Friday, January 4, 2013

Another Day, Another Four Hundred Dollars...

Or, The Joys of Plumbing.

The event du jour, as one might guess, centered today on the plumbing at 678 Sinclair Terrace, South Orange NJ.  And specifically, the stopped-up kitchen sink. 

Well, I tried Drano.  Twice.  And fooled myself into thinking that I'd done the trick.  Which, of course, I hadn't. 

So I called the reliable, if pricey, plumber John found through Maplewood On Line, and left a message, and didn't expect him to call back at 8 am. Using our landline number.  Which is exactly what I suggested he do, in my message, forgetting that our landline phones are... finicky, I guess you could say.  So, by the time we found a working hand set, the call was over. 

Called him back.  Waited, as per plumbing etiquette.  And, mirabile -- a return call!  An estimated arrival time of plumber and crew in about an hour.  Which became two hours.  Then three.  The nature of the beast.  But a clogged drain is a priority, I think.

Another call from the plumber, and again the landline phones refused to do the job for which they were designed.  Ran around the house, one dead receiver in one hand, looking for another one that might work...  How tedious.

Finally, a concrete contact, and a commitment for a repair.  What a relief.  And in under an hour, a free-flowing kitchen sink, with a new drain in place of the old one.  Home improvement, I guess.
Oh, plus we fixed the outflow in John's bathtub.
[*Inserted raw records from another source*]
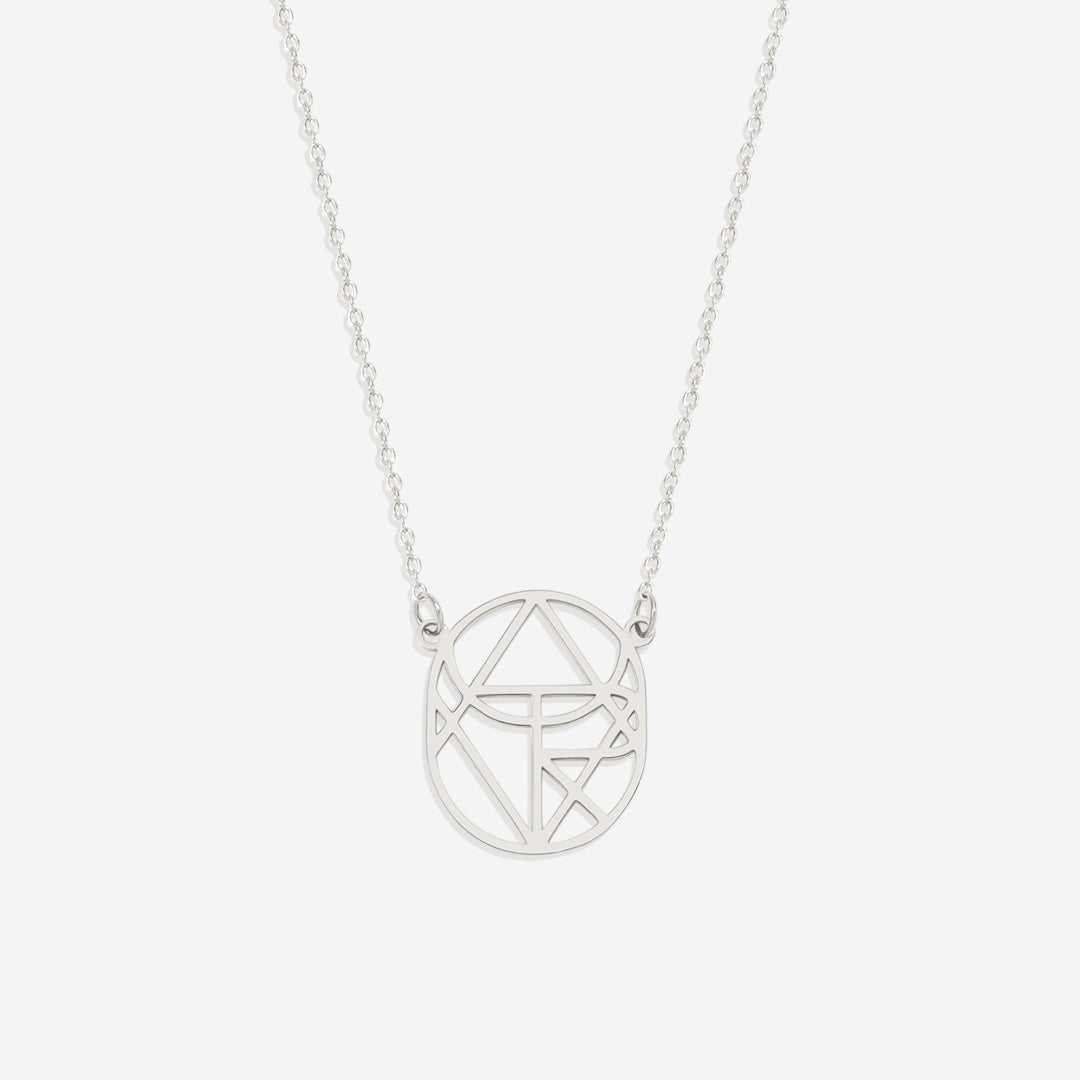 Circular Minimalist Monogram Name Necklace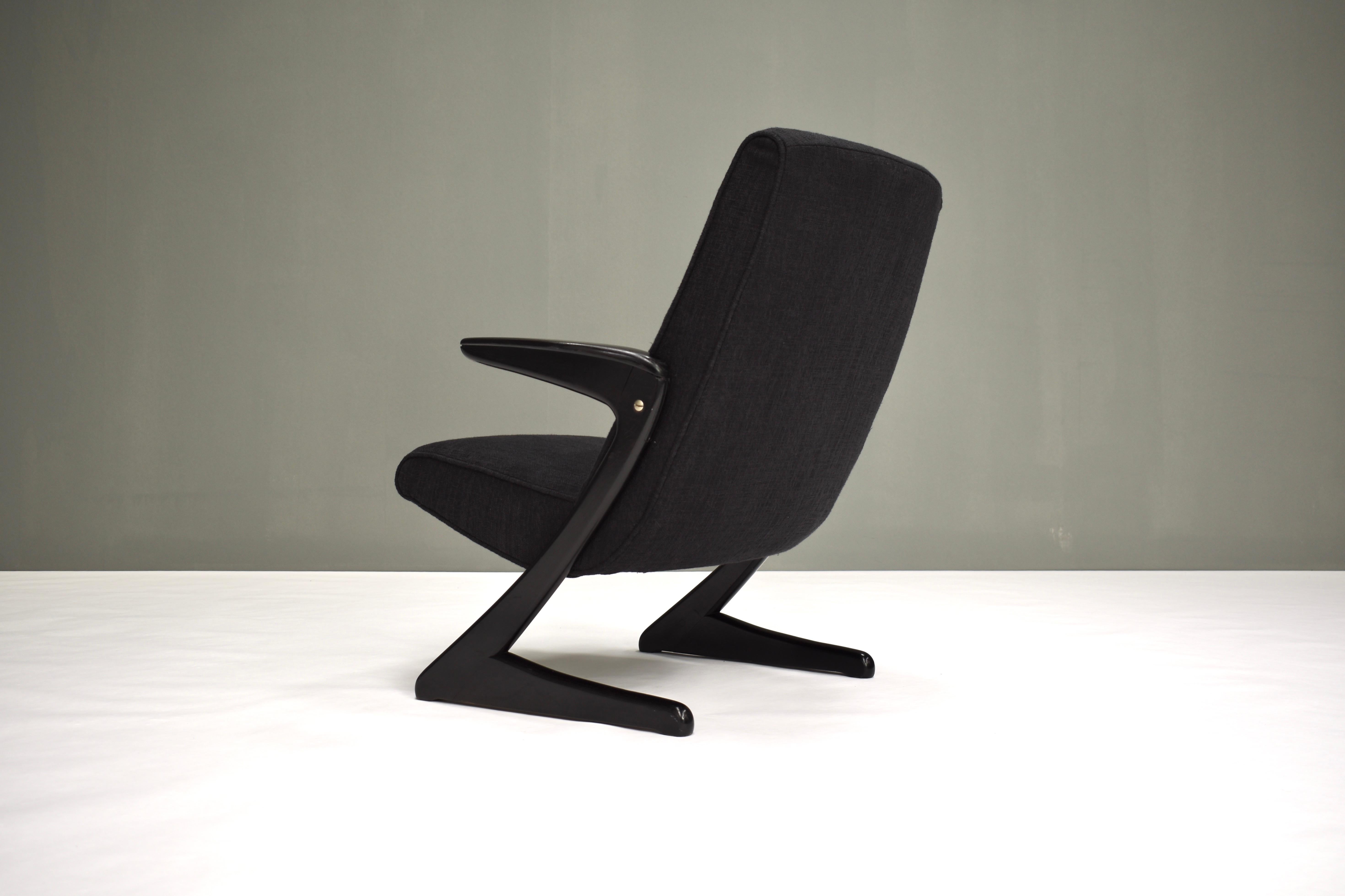 Scandinavian Modern Z Lounge Armchair by Bengt Ruda for Nordiska, Sweden, circa 1950 For Sale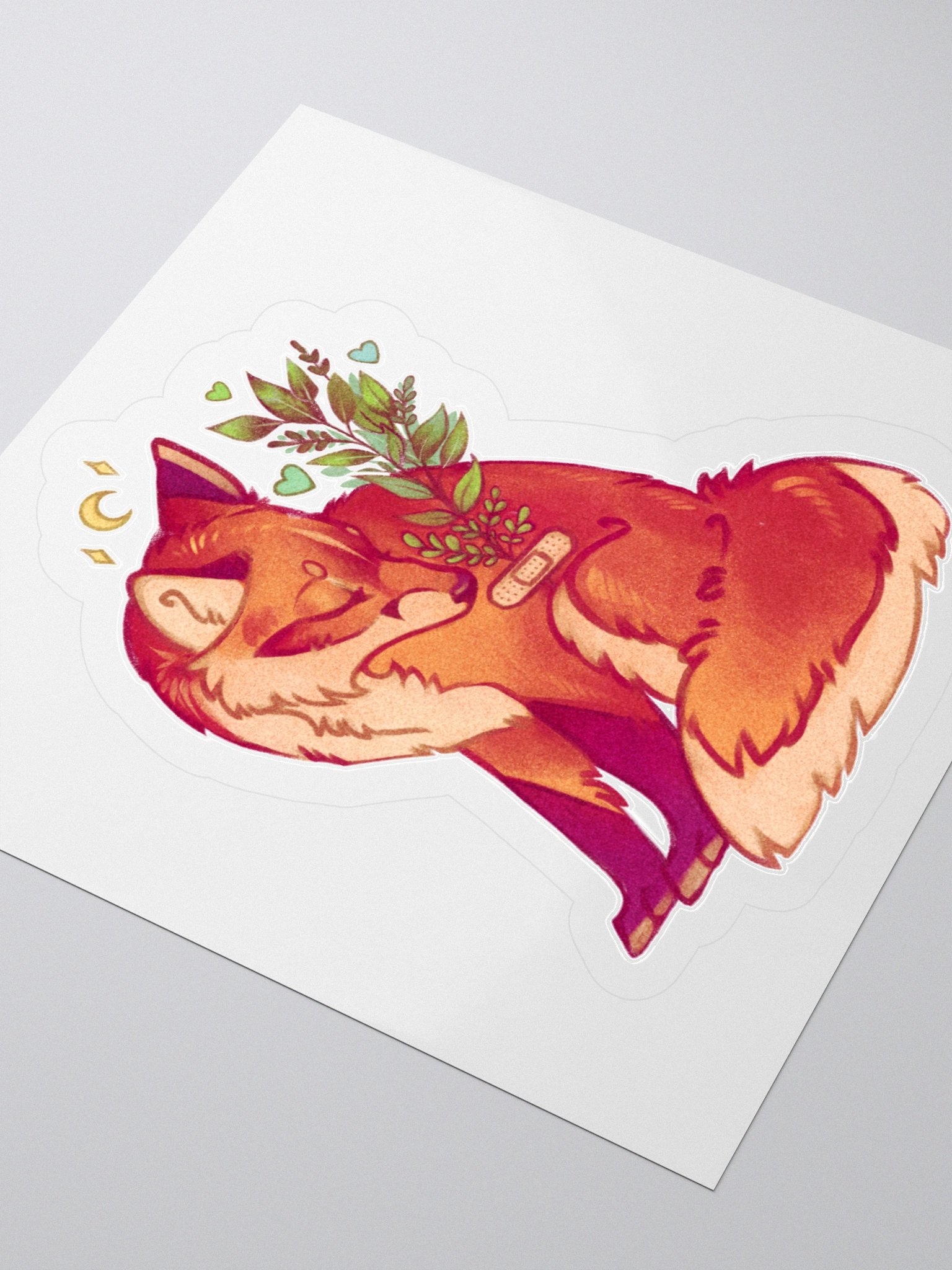Healing fox | Kiss-cut sticker product image (3)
And in between calls, and while I was waiting for Godot, or someone like him, I: watched a dull sci-fi movie, mostly with the sound off; did some more laundry; worked on a poem I'm trying to write, about a terrible event in Afghanistan, that ruined a close friend's only son; shopped for and bought a model human heart, to use for a Combat Paper project I'm ruminating about; ate half a giant pork burrito, brought home who knows how long ago; and spent far too much time on Facebook, searching, as always, for some miraculous, substantive, life-altering... something.  Which all of us should realize is like standing under an apple tree in January, expecting ripe grapes to fall into our hands.

And all the while, to be honest, I'm feeling that familiar dull achiness in my gut, and am imagining that I'm one of those political miscreants in Henry VIII's time, who's been sentenced to be hanged, drawn and quartered -- and I'm at the part of the process where my belly is slit open a bit, and my innards are being slowly pulled out, inch by inch.  Which would be so much worse, if I didn't feel, more or less, as though I'm dead already.

Oh, and the plumbing bill came to just over $400, for about an hour's work.  Why couldn't I have dreamed, as a child, of becoming a plumber?

Now I'm watching Gerard Butler in a movie, where he kills lots of people.  Seems apt.